- Menteri Sosial mengklarifikasi penonaktifan PBI-JKN adalah prosedur pemutakhiran data, bukan instruksi langsung dari Presiden.
- Pemutakhiran data mengacu pada Instruksi Presiden Nomor 4/2025 tentang Penggunaan Data Tunggal Sosial Ekonomi Nasional.
- Pemutakhiran data menunjukkan ketidaktepatan sasaran, dengan 54 juta jiwa rentan belum terdaftar sebagai penerima bantuan.
Masyarakat yang mendapati status kepesertaannya nonaktif tidak perlu panik secara berlebihan. Kementerian Sosial memastikan bahwa masih ada ruang bagi warga untuk melakukan reaktivasi atau pengaktifan kembali.

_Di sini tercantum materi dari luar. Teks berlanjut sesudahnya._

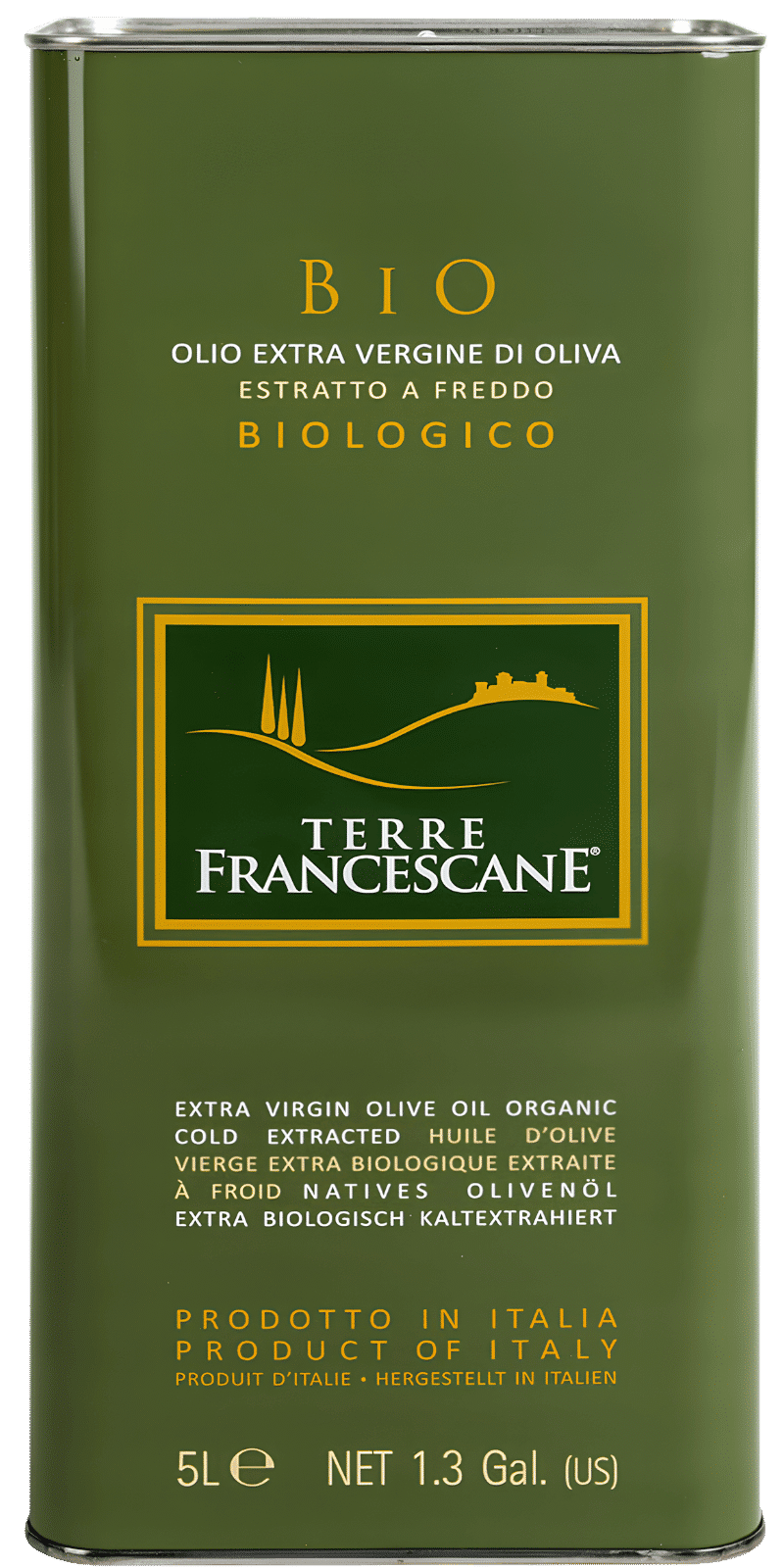 Olio Extra Vergine di Oliva BIO 5L - Terre Francescane Olio Extra Vergine di Oliva BIO 5L - Terre Francescane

Pemerintah telah menyediakan mekanisme dan saluran khusus agar warga yang benar-benar membutuhkan tetap bisa mendapatkan hak layanan kesehatan mereka kembali setelah melalui verifikasi ulang.
"Jadi keputusan penetapan maupun penonaktifan peserta PBI-JKN merupakan kewenangan Menteri Sosial dengan berpedoman pada DTSEN, sehingga tidak ada perintah Presiden untuk menonaktifkan kepesertaan bantuan iuran tersebut," ujarnya sebagaimana dilansir Antara.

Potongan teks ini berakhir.